In embodiments, the data sensors comprise an active material
connected to (e.g., mounted within or mounted on the surface of) an
enclosure, the active material being liable to respond to a
wellbore parameter, and the active material being operably
connected to (e.g., in physical contact with, surrounding, or
coating) a capacitive MEMS element. In various embodiments, the
MEMS sensors sense one or more parameters within the wellbore. In
an embodiment, the parameter is temperature. Alternatively, the
parameter is pH. Alternatively, the parameter is moisture content.

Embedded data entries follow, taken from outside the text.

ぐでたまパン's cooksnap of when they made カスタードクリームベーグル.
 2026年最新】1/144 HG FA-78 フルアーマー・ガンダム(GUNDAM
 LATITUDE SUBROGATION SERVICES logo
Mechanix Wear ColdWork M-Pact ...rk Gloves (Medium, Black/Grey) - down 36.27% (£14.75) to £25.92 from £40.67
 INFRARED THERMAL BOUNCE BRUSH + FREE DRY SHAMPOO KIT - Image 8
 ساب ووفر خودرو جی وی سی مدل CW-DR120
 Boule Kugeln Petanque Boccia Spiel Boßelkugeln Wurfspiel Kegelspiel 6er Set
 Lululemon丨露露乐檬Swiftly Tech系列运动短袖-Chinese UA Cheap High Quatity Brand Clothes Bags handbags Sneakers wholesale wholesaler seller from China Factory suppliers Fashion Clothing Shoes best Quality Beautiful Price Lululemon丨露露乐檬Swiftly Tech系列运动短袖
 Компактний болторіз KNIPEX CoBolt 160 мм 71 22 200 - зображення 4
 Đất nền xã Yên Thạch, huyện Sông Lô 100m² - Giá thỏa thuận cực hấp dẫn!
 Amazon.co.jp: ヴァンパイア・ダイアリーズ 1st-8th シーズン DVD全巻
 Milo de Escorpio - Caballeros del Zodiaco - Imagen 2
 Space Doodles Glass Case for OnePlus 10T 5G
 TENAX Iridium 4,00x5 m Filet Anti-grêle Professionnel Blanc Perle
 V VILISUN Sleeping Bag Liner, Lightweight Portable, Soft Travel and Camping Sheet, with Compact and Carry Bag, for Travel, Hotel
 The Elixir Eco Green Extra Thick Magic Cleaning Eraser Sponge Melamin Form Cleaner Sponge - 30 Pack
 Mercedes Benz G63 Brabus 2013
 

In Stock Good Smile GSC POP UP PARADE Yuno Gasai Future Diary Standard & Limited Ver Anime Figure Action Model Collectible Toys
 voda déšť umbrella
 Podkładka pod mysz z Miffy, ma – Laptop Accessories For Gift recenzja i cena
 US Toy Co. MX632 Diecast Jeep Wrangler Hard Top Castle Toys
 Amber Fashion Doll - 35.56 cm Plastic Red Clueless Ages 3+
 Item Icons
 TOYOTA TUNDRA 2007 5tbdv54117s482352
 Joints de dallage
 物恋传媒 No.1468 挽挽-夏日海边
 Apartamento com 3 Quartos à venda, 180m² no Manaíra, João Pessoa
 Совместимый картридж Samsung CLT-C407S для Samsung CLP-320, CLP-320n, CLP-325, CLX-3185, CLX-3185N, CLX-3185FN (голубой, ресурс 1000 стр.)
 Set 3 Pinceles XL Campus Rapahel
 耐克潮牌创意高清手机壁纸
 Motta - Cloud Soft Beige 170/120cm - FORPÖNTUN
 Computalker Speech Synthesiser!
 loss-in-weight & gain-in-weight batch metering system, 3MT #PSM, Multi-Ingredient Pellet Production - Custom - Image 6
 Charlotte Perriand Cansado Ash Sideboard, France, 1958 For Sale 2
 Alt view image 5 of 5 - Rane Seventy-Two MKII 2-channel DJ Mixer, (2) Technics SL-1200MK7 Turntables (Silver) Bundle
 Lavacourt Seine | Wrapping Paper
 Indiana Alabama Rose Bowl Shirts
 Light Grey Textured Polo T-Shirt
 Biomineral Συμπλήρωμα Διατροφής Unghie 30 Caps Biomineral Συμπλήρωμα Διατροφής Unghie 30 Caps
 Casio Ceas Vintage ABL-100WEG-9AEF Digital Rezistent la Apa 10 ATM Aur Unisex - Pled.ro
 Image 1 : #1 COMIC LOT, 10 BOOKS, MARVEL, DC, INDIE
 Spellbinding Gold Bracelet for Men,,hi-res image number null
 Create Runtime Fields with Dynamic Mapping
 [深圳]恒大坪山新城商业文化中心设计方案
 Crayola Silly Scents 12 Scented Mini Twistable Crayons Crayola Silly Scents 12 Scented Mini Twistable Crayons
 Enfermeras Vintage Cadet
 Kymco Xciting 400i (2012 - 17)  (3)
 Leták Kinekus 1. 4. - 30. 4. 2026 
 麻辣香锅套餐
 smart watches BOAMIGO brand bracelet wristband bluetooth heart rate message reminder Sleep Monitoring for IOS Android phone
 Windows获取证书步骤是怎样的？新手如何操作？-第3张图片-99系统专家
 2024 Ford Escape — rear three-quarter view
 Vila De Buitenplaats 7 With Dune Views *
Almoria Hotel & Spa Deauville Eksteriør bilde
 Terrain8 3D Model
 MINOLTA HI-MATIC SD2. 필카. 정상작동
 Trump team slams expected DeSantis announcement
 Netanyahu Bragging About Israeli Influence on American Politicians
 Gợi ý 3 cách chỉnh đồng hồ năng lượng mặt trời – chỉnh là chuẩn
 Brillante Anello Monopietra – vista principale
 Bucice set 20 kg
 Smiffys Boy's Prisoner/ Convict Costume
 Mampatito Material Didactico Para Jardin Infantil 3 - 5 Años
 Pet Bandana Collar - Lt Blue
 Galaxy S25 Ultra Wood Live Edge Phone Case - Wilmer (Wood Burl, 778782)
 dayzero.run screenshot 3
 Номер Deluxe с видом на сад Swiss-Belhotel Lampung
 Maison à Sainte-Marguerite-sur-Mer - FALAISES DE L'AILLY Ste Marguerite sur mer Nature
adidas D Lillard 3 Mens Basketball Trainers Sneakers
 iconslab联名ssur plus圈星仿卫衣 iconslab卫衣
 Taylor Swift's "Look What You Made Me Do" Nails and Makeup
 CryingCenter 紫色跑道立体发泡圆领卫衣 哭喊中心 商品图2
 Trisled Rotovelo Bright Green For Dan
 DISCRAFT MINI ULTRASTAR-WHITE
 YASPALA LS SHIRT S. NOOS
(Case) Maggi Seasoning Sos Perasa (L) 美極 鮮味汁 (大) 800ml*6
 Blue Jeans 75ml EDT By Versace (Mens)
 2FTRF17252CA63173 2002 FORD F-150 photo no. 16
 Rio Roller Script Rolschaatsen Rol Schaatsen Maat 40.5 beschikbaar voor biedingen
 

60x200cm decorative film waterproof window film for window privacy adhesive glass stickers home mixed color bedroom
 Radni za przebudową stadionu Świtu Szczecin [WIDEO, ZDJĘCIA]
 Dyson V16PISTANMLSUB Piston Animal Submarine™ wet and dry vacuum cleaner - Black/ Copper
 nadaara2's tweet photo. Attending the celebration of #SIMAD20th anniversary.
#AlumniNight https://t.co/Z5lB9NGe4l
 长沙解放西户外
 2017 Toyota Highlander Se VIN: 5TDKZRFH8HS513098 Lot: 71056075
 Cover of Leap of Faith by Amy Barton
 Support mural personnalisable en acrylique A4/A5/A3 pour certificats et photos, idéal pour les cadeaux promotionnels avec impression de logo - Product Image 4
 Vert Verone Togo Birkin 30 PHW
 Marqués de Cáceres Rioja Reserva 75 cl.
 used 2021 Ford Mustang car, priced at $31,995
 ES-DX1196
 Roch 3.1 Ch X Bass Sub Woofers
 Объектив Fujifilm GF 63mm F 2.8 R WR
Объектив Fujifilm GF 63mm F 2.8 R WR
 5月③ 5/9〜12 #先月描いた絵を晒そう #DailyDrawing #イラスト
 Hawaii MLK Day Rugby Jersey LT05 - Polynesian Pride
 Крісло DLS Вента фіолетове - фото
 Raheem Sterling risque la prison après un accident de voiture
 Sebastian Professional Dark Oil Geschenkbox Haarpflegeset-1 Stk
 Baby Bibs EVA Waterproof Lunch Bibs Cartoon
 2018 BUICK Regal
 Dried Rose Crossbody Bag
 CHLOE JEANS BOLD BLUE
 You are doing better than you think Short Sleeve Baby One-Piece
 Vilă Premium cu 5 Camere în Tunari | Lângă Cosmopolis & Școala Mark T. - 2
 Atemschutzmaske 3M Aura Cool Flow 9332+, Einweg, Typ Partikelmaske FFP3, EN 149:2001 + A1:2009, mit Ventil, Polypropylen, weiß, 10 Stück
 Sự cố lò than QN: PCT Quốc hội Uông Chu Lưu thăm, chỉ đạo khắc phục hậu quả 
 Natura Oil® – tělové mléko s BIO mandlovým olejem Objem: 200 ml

Still alternatively, the parameter may be ion concentration (e.g.,
chloride, sodium, and/or potassium ions). The MEMS sensors may also
sense well cement characteristic data such as stress, strain, or
combinations thereof. In embodiments, the MEMS sensors of the
present disclosure may comprise active materials that respond to
two or more measurands. In such a way, two or more parameters may
be monitored.
Suitable active materials, such as dielectric materials, that
respond in a predictable and stable manner to changes in parameters
over a long period may be identified according to methods well
known in the art, for example see, e.g., Ong, Zeng and Grimes. "A
Wireless, Passive Carbon Nanotube-based Gas Sensor," IEEE Sensors
Journal, 2, 2, (2002) 82-88; Ong, Grimes, Robbins and Singl,
"Design and application of a wireless, passive, resonant-circuit
environmental monitoring sensor," Sensors and Actuators A, 93
(2001) 33-43, each of which is incorporated by reference herein in
its entirety. MEMS sensors suitable for the methods of the present
disclosure that respond to various wellbore parameters are
disclosed in U.S. Pat. No. 7,038,470 B1 that is incorporated herein
by reference in its entirety.
In embodiments, the MEMS sensors are coupled with radio frequency
identification devices (RFIDs) and can thus detect and transmit
parameters and/or well cement characteristic data for monitoring
the cement during its service life. RFIDs combine a microchip with
an antenna (the RFID chip and the antenna are collectively referred
to as the "transponder" or the "tag"). The antenna provides the
RFID chip with power when exposed to a narrow band, high frequency
electromagnetic field from a transceiver. A dipole antenna or a
coil, depending on the operating frequency, connected to the RFID
chip, powers the transponder when current is induced in the antenna
by an RF signal from the transceiver's antenna. Such a device can
return a unique identification "ID" number by modulating and
re-radiating the radio frequency (RF) wave. Passive RF tags are
gaining widespread use due to their low cost, indefinite life,
simplicity, efficiency, ability to identify parts at a distance
without contact (tether-free information transmission ability).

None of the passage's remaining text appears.